Sofia, May 3, 2016/Independent Balkan News Agency
By Clive Leviev-Sawyer of The Sofia Globe
Bulgaria and Croatia share similar views on how the European Union should deal with the migration crisis, as well as on energy issues and on EU enlargement, it emerged on May 3 after talks in Zagreb between Bulgarian Foreign Minister Daniel Mitov and his Croatian counterpart Miro Kovač.
Coordinated positions of Bulgaria and Croatia, as well as of the countries in Central and Eastern Europe are a priority to address common challenges facing the EU, Mitov said after his talks with Kovač at the start of a two-day visit to Croatia.

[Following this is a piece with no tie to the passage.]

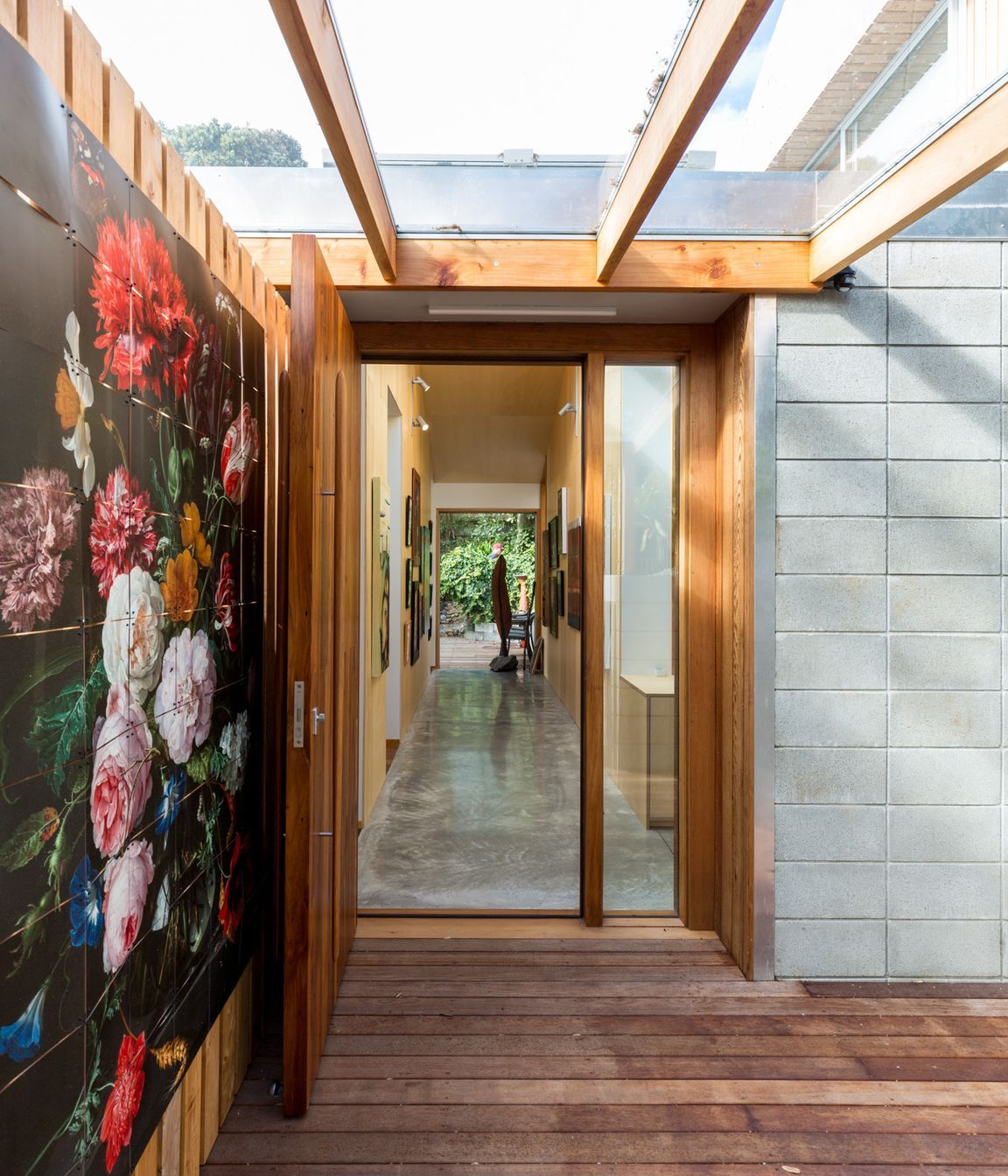 The new, covered entryway, which links the original cottage to the extension, features a reproduction of a Jan van Huysum still life.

Mitov and Kovač agreed that it was crucial for both Bulgaria and Croatia for the countries of the Western Balkans to progress on the path of reform and European integration.
The maintenance of regional peace and stability and the accession of the countries of the region to the EU and NATO is necessary, while however, fulfilling all criteria.
“We agree on the enlargement policy, we support enlargement and we want the ‘black hole’ on European maps to disappear and we want our southeastern neighbourhood to be integrated with the European Union one day, but of course, criteria must be respected and standards must be met,” Kovač said, quoted by Croatian agency Hina.
Bulgaria relies on the cooperation of the Republic of Croatia in its role as a link to the region and a successful model to date for EU accession, Mitov said.
The two ministers also discussed issues of mutual interest within the EU, confirming their similar positions on energy issues, a Bulgarian Foreign Ministry statement said.
“The development of interconnectors is of utmost importance to the diversification of gas supply for our countries, for the region and for Europe,” Mitov and Kovač said.
They agreed on the common objectives of the two countries to join the Schengen area and the euro area, confirming a consistent and mutually supportive approach in this process.
On the migration crisis, Mitov emphasised that Bulgaria supports the adoption of a common European solution, while effectively protecting the external border of the Union.
“We rely on cooperation in Central and Eastern Europe to achieve better coordination of positions on European foreign policy,” Kovač said.
“Bulgaria and Croatia are the countries that have a great influence in this process,” he said and added that the two countries had reached a common position on the need for the burden of migration pressure to be shared among all EU member states.
Kovač said that he and Mitov agreed that the protection of the EU external border was critical. Kovač congratulated Bulgaria on efficiently protecting its borders, which are also an EU external border.